To create these learning opportunities, Terrones and the rest of the committee planned a variety of events, including “Mi Cocina” cooking videos on Instagram, a keynote speaker series and a virtual educational gallery. Planning these virtual events was a challenge, but Terrones knew it was necessary.

“We had seen with our own eyes that Latinx people had been one of the most impacted groups by the pandemic, so we could not risk endangering the lives of our peers as much as we wanted to do in-person events,” Terrones said.

Normally, there is only one keynote speaker during the month, but Terrones and her committee wanted to demonstrate how intersectional “sin limite” could be.
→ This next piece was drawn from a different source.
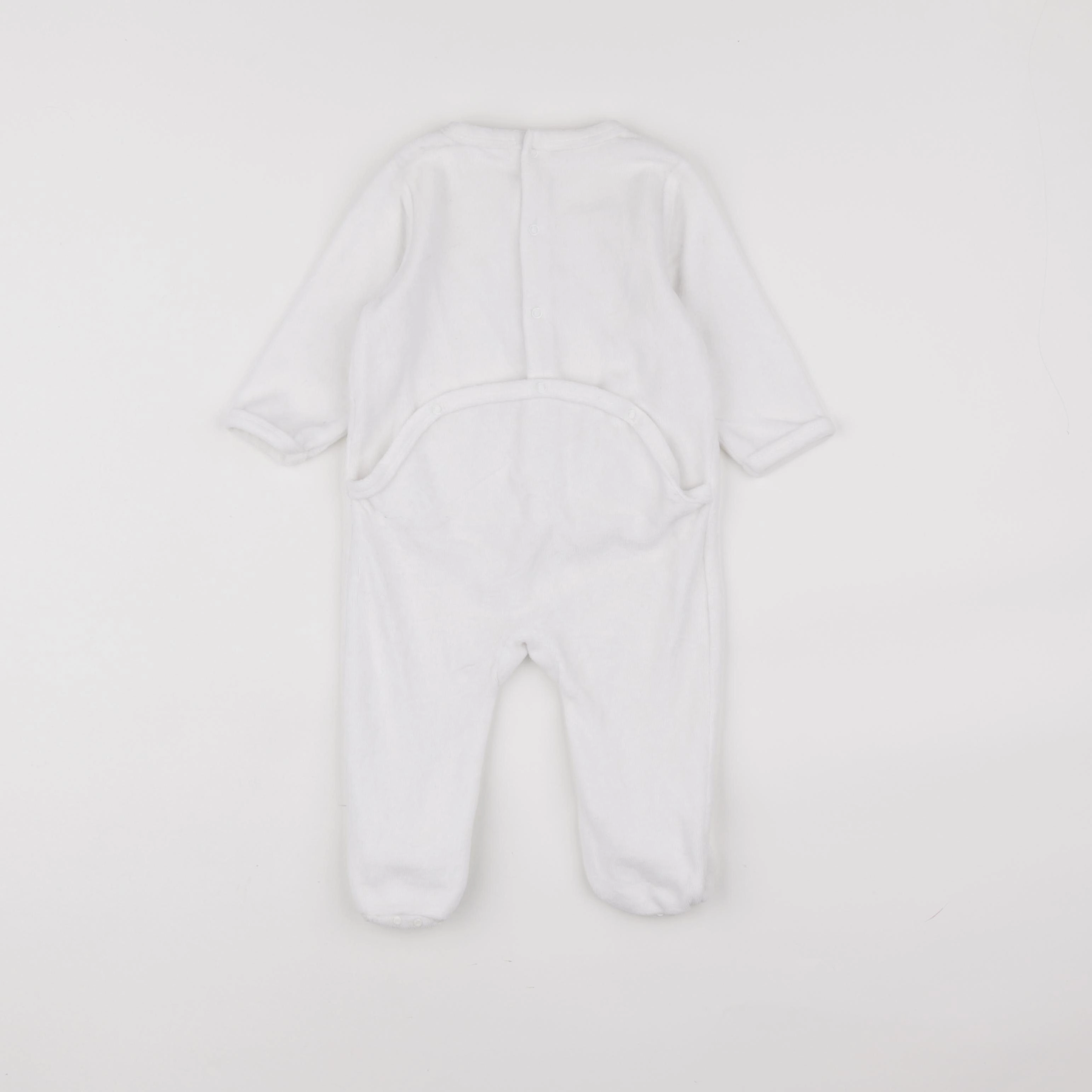 Vertbaudet - pyjama velours blanc, bleu - 9 mois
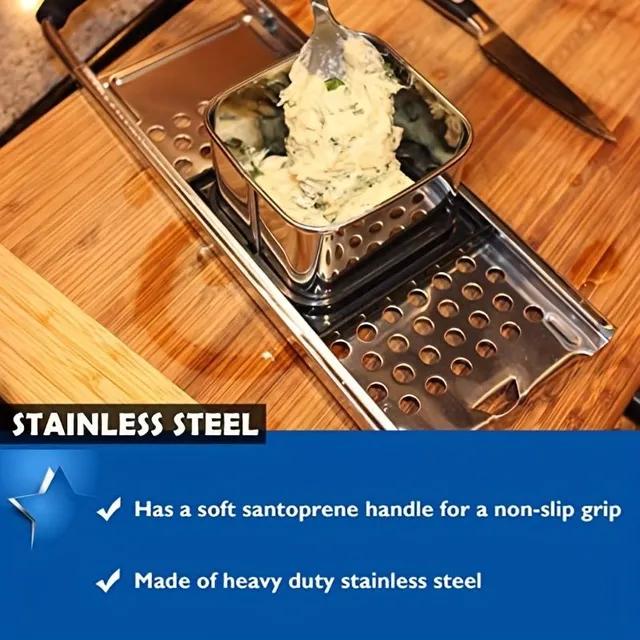 Spaetzle machine - traditional German noodle maker made of premium stainless steel eggs with comfortable handle, homemade grater and dough peeler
“You can be Latinx and have a career in STEM,” said Terrones. “You can be a librarian and a DJ. You can connect with your ancestral roots while encouraging underrepresented groups to engage with the outdoors. There is no one who fits all views on how a Latinx person should be in 2020, so we used this thought to guide our selection of keynote speakers.”

A self-described introvert, Terrones overcame her fear of public speaking in order to step into her leadership role.

“I had to lead keynote speaker events and committee meetings, which were very intimidating, but I enjoyed that they challenged me to do better,” she said.

Latinx Heritage Month enabled Terrones to transcend her limits, but it also allowed her to stay grounded.

“Through my experience, I have been able to stay connected with my identity,” Terrones said. “Coming into college, I was scared of losing that part of me, but instead, I have been able to embrace it.”